Multiplication Fact Fluency prototype – feedback requested

I am concerned that we are conflating automaticity with fluency.  How might we get clear on the difference?

From Assessing Basic Fact Fluency by Gina Kling and Jennifer M. Bay-Williams:

Think about how you assess reading fluency. Does your assessment plan involve listening and observing as children read as well as asking reading comprehension questions? Now imagine what you might learn about students’ reading fluency if you used only timed quizzes. How would your confidence in your assessment change?

When I use Google to search for sample “multiplication fluency assessments, worksheets from TPT show up.If you haven’t yet, it is important to stop and read three articles:

From Fluency: Simply Fast and Accurate? I Think Not! by Linda Gojak:

Building fluency should involve more than speed and accuracy. It must reach beyond procedures and computation.

From Fluency without Fear by Jo Boaler:

The best way to develop fluency with numbers is to develop number sense and to work with numbers in different ways, not to blindly memorize without number sense.

Ok, so how do we assess fluency? Do we have common language for mathematical fluency?

From  Principles to Actions: Ensuring Mathematical Success for All

Effective teaching of mathematics builds fluency with procedures on a foundation of conceptual understanding so that students, over time, become skillful in using procedures flexibly as they solve contextual and mathematical problems.

Let’s focus this 3rd grade standard:

Multiply and divide within 100.

CCSS.MATH.CONTENT.3.OA.C.7
Fluently multiply and divide within 100, using strategies such as the relationship between multiplication and division (e.g., knowing that 8 × 5 = 40, one knows 40 ÷ 5 = 8) or properties of operations. By the end of Grade 3, know from memory all products of two one-digit numbers.

 

Do any of the fluency assessments from the above Google search help us assess fluency?

What if we try a different type of assessment? An assessment that involves listening and observing as children compute, reason, and respond.

What if we confer with learners individually, just like we do with reading assessments, to listen, record, and encourage learners as they think, reason, and compute?

I need, want, and invite your feedback on the following prototype.  I hope that I have constructed a viable argument and I seek your constructive critique.

Multiplication Fluency (within 100)
Conferring with Mathematicians

Section 1 asks students if they know their multiplication facts. We intentionally ask these questions because of John Hattie’s work on student expectations of self – effect size of 1.44.

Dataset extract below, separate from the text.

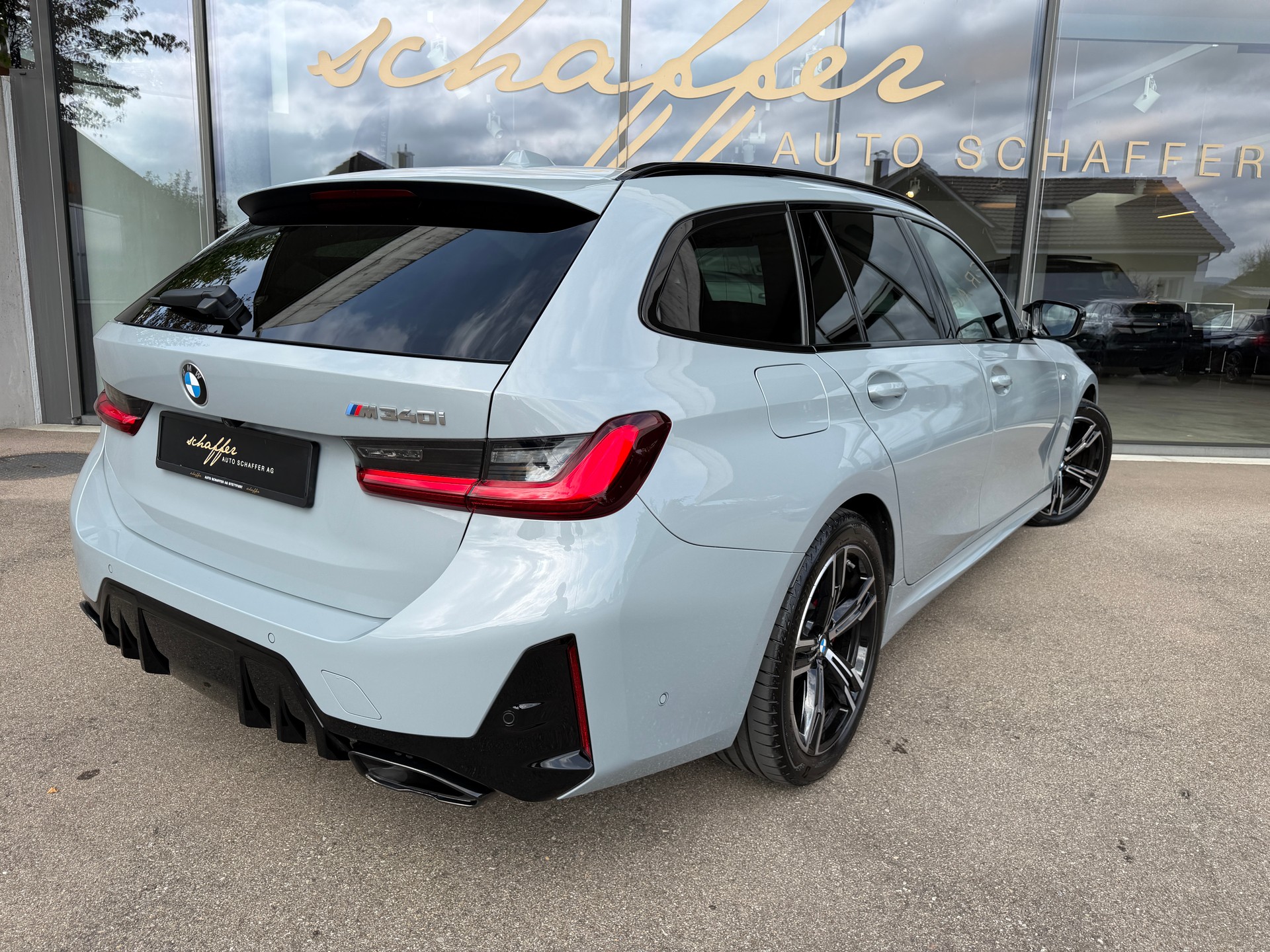 BMW M340i xDrive 48V Touring Steptronic M Sport Pro-image-9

Section 2 checks for accuracy and efficiency.  The teacher will code the student’s response as recall, uses a strategy, or skip counts.  The first 8 facts are common for all students. The next 8 facts can be customized for each student based on their responses to easiest and hardest.

 Section 3 checks for accuracy and flexibility.  In the previous section, the teacher gave the multiplication expression and the student responded with the product.  Now it is reversed. The teacher gives the answer and student states an expression and are asked if they know another way.

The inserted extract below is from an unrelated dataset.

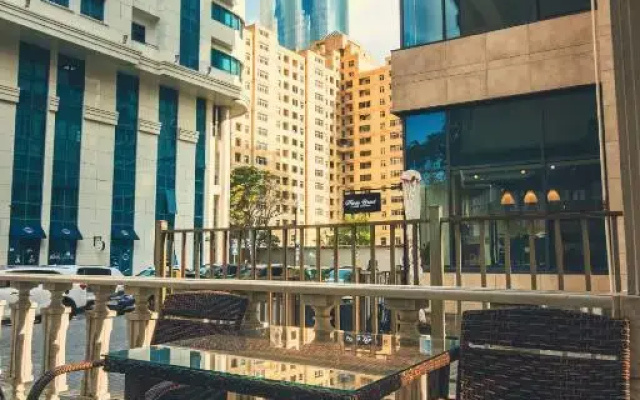 Отель Deluxe Baku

Section 3 also checks for accuracy and flexibility using images from #UnitChat.  Students are asked how many they see and how do they see them.  If they skip count, their answer is confirmed, and they are asked if they can say or write it again using multiplication.

If you open this Multiplication Fluency (within 100) pdf, you will find each image on its own page so students can touch to count when needed.

Will you take time to offer actionable, growth-oriented feedback using I like…, I wonder…, and What if… to help clarify or improve the assessment?

Thank you in advance.

3 comments

  1. I have tried this out with third graders and it gives really useful information about how they think and feel about multiplication facts. I especially like the images. Some of my interviewees counted one by one with pictures, so it might be useful for that to be a choice. What if there was space to make note of the specific strategies used by students?